Nothing but the lines from the one with "بره چینی|حیوانات مزرعه|زیرکوه, |دیوار" down to the one with "El caballo del" should be returned, exactly and with both ends included, from the material below.

--- INFORMATION GIVEN Enclosed Below ---

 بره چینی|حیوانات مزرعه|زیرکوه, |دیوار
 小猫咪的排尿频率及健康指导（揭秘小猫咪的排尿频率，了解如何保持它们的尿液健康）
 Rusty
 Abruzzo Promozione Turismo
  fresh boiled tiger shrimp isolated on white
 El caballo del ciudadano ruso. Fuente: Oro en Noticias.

--- End of Enclosed INFORMATION GIVEN ---
--- INFORMATION GIVEN Enclosed Below ---

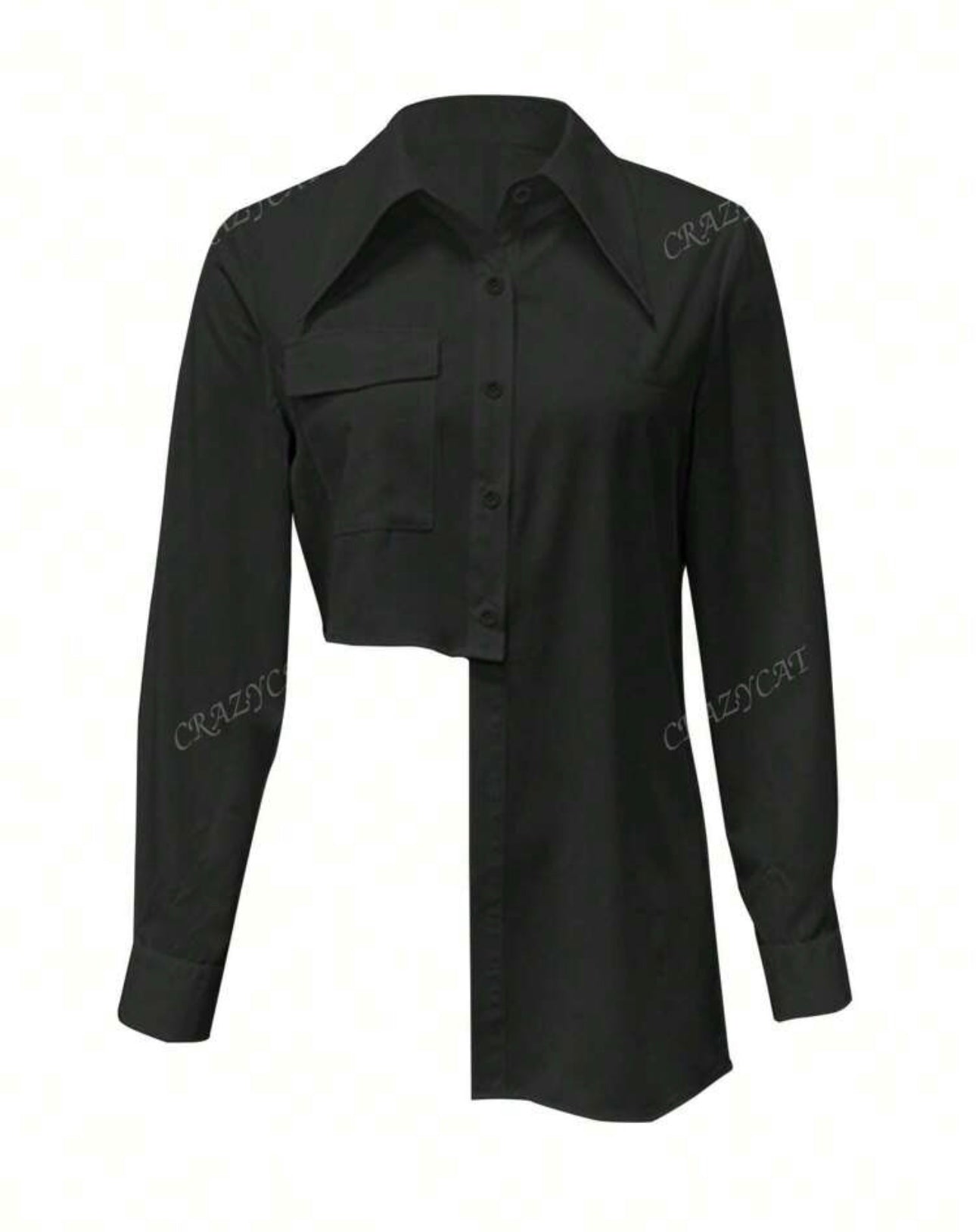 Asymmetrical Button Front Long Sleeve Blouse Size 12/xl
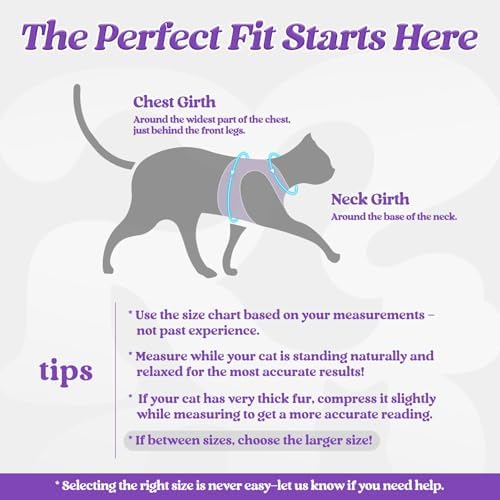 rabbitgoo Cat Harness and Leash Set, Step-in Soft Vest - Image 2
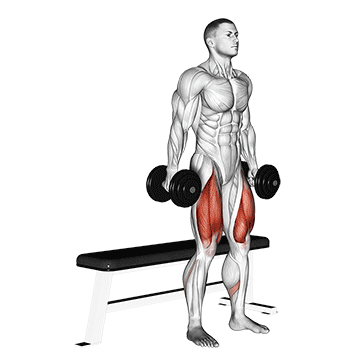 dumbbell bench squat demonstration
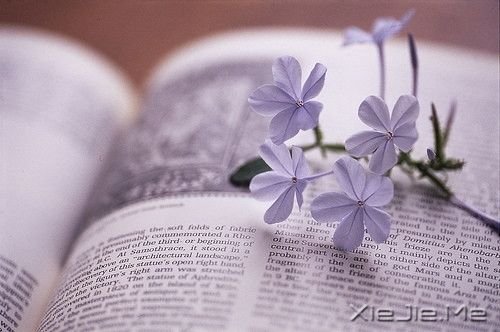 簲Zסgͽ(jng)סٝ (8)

--- End of Enclosed INFORMATION GIVEN ---

RESULT FOR THIS TASK:
 بره چینی|حیوانات مزرعه|زیرکوه, |دیوار
 小猫咪的排尿频率及健康指导（揭秘小猫咪的排尿频率，了解如何保持它们的尿液健康）
 Rusty
 Abruzzo Promozione Turismo
  fresh boiled tiger shrimp isolated on white
 El caballo del ciudadano ruso. Fuente: Oro en Noticias.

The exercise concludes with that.